Data excerpts section start

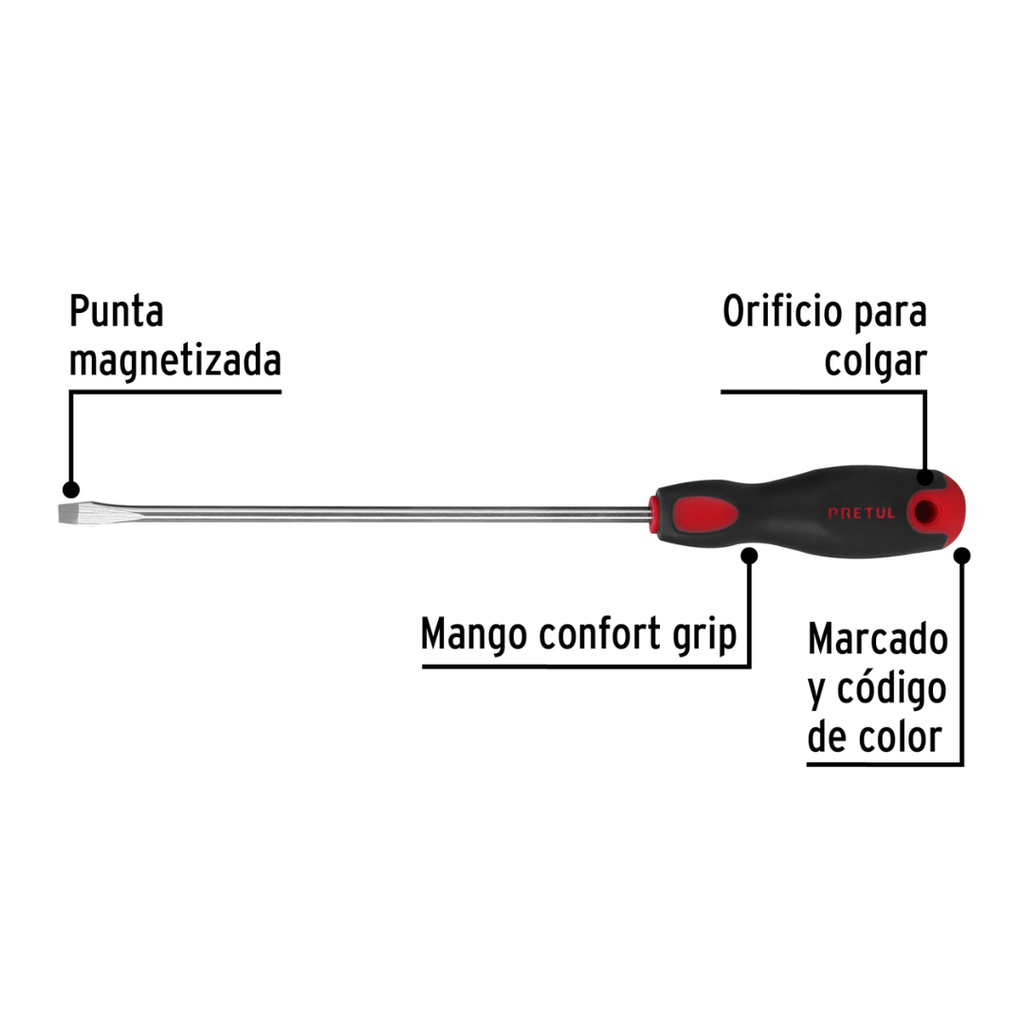 Desarmador plano 1/4" x 8"mango Comfort Grip Pretul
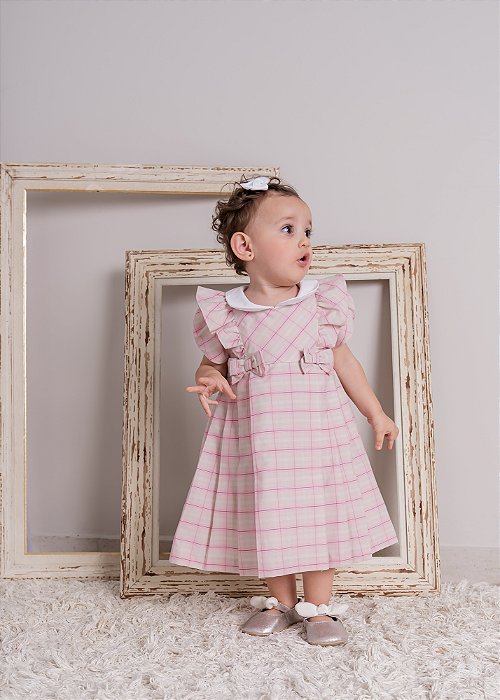 Vestido Bebê Xadrez Rosê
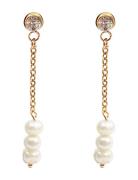 Mint Trio Pearl Dangle Ear Øredobber Smykker Gold Pipol's Bazaar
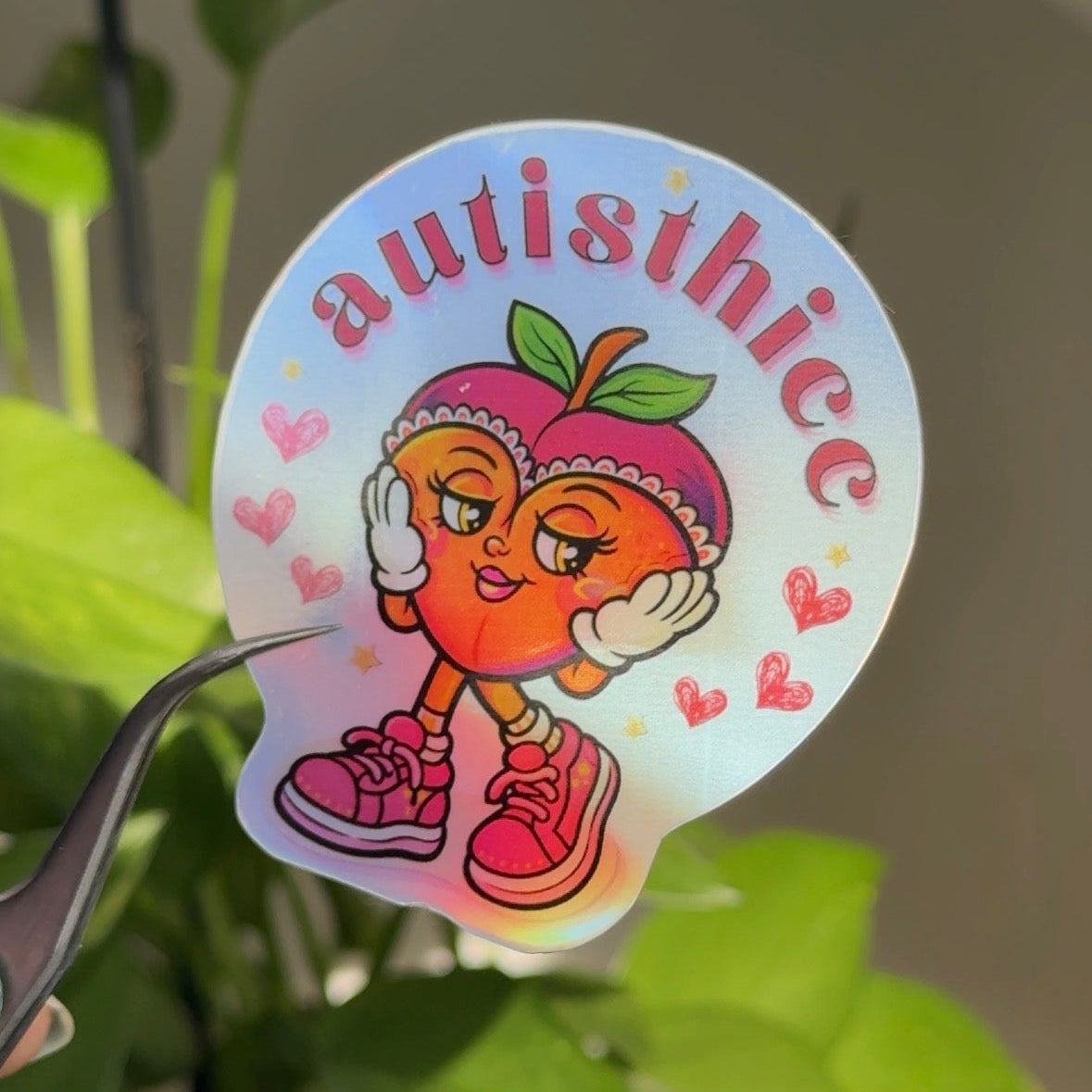 Autisthicc Peach Sticker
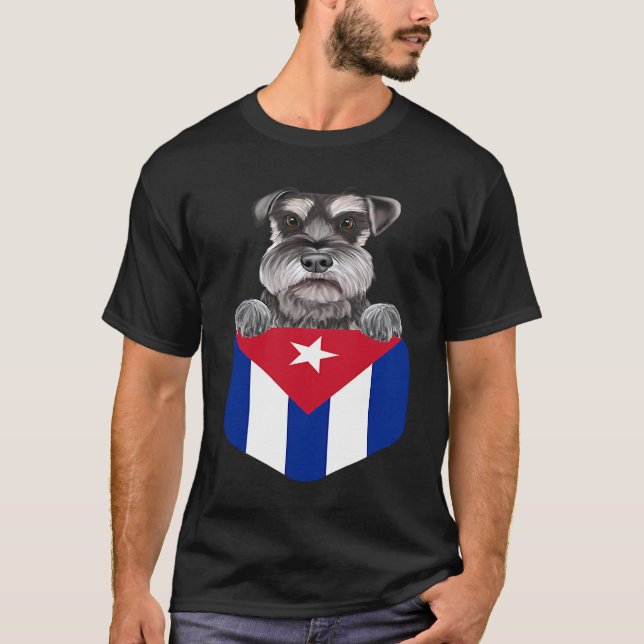 Camiseta Cuba Flag Miniature Schnauzer Dog In Pocket (Anverso)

Data excerpts section end

Write out exactly, and only, the lines running from the line with "Mint Trio Pearl" to the last line above, both included, with all pictures omitted.

**Exercise answer**
 Mint Trio Pearl Dangle Ear Øredobber Smykker Gold Pipol's Bazaar
 Autisthicc Peach Sticker
 Camiseta Cuba Flag Miniature Schnauzer Dog In Pocket (Anverso)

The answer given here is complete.